Helen grits her teeth and looks away, still sulking back at the treeline.
"I guess," she admits.
"Then we help her," I snap. "We already have one mass murderer on the team."
Helen flinches, having nothing to say to that.
"So. Sela?" I prompt again. "And do you want or need help?"
"...Diplomatic protocols advocate the acceptance of 'nicknames' by friendly organics, to encourage emotional attachment. Sela is acceptable," she agrees. "Additionally: my power sources were destroyed and I cannot move. So while I suspect I will simply get damaged more severely by any 'assistance' you intend to deliver, it is a risk I am required to take."
"We're not going to hurt you," I promise.
"Not on purpose," she fires back. "But who knows what bloated sacks of meat will mess up while trying to follow basic instructions."
Uh.

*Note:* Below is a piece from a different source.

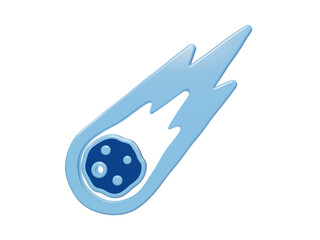 3D rendered light blue comet icon with cratered surface and trailing motion lines for space science and astronomy themes isolated on a transparent background © Trendy_Desing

Okay.
"I'm starting to suspect she might not be a very good diplomat," I say to Kagiso.
"Is true, though," Kagiso shrugs. "You very clumsy."
"Just go get her leg," I grumble.
Kagiso chuckles and wanders over to the man Sela killed, leaving me alone with sassy girlbot here in the 'got too fucked up to move' corner. I take a couple more deep breaths, doing everything in my power to not think about how absolutely buck wild my transformations are going to be on Earth tomorrow. There are worse times to no longer be able to pretend to be human, I guess. Maybe it'll get me out of therapy.
"'Its' leg, by the way," Sela suddenly says. "Not 'her leg.' If I'm going to be stuck with you any longer than necessary, I would at least prefer to not suffer the indignity of personification."
"What?" I ask, surprised. "But… I mean, you are a person. Right? You certainly seem like a person to me."
"I am nothing like you, meat."
I have nothing to say to that, so when Kagiso returns and Sela starts walking her through repair instructions, I just keep quiet and focus on making sure I don't die.